Ex-moradora de Dom Manoel, onde viveu por 30 anos, Maria das Graças dos Anjos, de 48, disse à agência Amazônia Real que, antes de deixar sua casa, pesquisadores do Instituto Evandro Chagas (IEC), órgão do Ministério da Saúde, coletaram amostras de seu sangue e retiraram fios do cabelo para exames. Ela nunca soube o resultado. “Comecei a sentir dor no estômago, coceira na garganta e na pele. Esse problema na minha pele dura até hoje, não sei se ainda fico boa disso. A gente está doente e sem saber do quê”, lamenta ela.
Sua filha, Valdenice dos Anjos, afirmou ter denunciado às autoridades a contaminação da população pela poluição das mineradoras. “Denunciamos na Secretaria de Meio Ambiente do Estado e do Município, e também no Ministério Público. Ninguém quis ver nossa situação”, completou ela, neta de Manoel Brandão, o fundador da comunidade “Cabeceira do Curuperé”, que, com a criação do parque industrial, passou a se chamar Dom Manoel, em homenagem a ele.
Raimunda Baía, 71 anos, estava deitada, por conta de um derrame cerebral que sofreu antes de deixar Dom Manoel, em 2014. Seu esposo, Ulisses Baía, 87 anos, disse que ela adoeceu devido à influência da poluição. Ele recorda que na casa havia uma pequena roça que provia o sustento da família. “Aquilo ali era um paraíso, a gente tinha de tudo lá. Só de açaí eram 900 pés. Nossos filhos foram criados com o que tirávamos da roça. Aí chegaram as indústrias e não prestou mais”, contou, às lágrimas, na casa em Vila do Conde, também em Barcarena.
Uma das filhas do casal, Eunice Baía, protagonizou o filme “Tainá – uma aventura na Amazônia”, história da menina indígena defensora da floresta. Ela foi escolhida para viver a personagem, após uma seleção com mais de 3 mil crianças de todo o país. Atualmente é a caçula, Rackel, de 26 anos, que cuida dos pais. Ela diz que dona Raimunda ficou doente ainda em Dom Manoel. “Primeiro ela teve uma demência, depois uma falta de ar e uma moleza que não tinha fim. Aí veio o derrame e ela ficou assim [acamada]. Minha mãe era saudável e ficou doente por conta da poluição que chegou. Primeiro foi a Buritirama e depois a Tecop. Tinha dia que a gente acordava com o nariz todo preto daquele pó. A gente varria a casa e era aquele monte de poeira preta. Se estendesse uma roupa branca no varal, já era”, relembrou.

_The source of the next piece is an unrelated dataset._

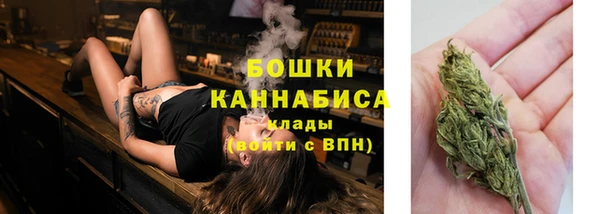 молекула духа Лихославль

O presidente da Associação de Moradores do Bairro Dom Manoel, Lúcio Negrão, disse que solicitou os resultados dos exames ao IEC, mas foi informado que os resultados serão entregues dentro de programação que ainda não foi divulgada. Ele contou que um Termo de Ajustamento de Conduta (TAC), em 2015, foi firmado entre o Ministério Público do Pará, o Ministério Público Federal, a Companhia de Desenvolvimento Econômico do Estado do Pará (Codec), o Instituto de Terras do Pará (Iterpa) e a Companhia de Habitação do Estado do Pará (Cohab), para mediar o remanejamento e/ou indenização das famílias moradoras de Dom Manoel. “Faltam ainda umas 20 pessoas receberem a indenização. Sou uma delas”.
Níveis de chumbo
Em 22 de agosto passado, o Instituto Evandro Chagas (IEC) divulgou o estudo “Níveis de Chumbo no Sangue Humano e a Primeira Evidência de Exposição Ambiental a Poluentes Industriais na Amazônia” (publicado em inglês com o título “Human Blood Lead Levels and the First Evidence of Environmental Exposure to Industrial Pollutants in the Amazon”), que trouxe luz à desinformação sobre a poluição em Barcarena. A pesquisa consistiu na coleta e análise de amostras de sangue dos moradores de Dom Manoel (localizado entre 20 e 200 metros do Parque Industrial de Barcarena) e Laranjal (distante entre 3 e 5 quilômetros). As comunidades foram escolhidas por estarem próximas de possíveis focos de contaminação por efluentes industriais descartados, sobretudo pelas indústrias de beneficiamento mineral localizadas a montante, comprometendo os cursos d’água, o solo e o ar.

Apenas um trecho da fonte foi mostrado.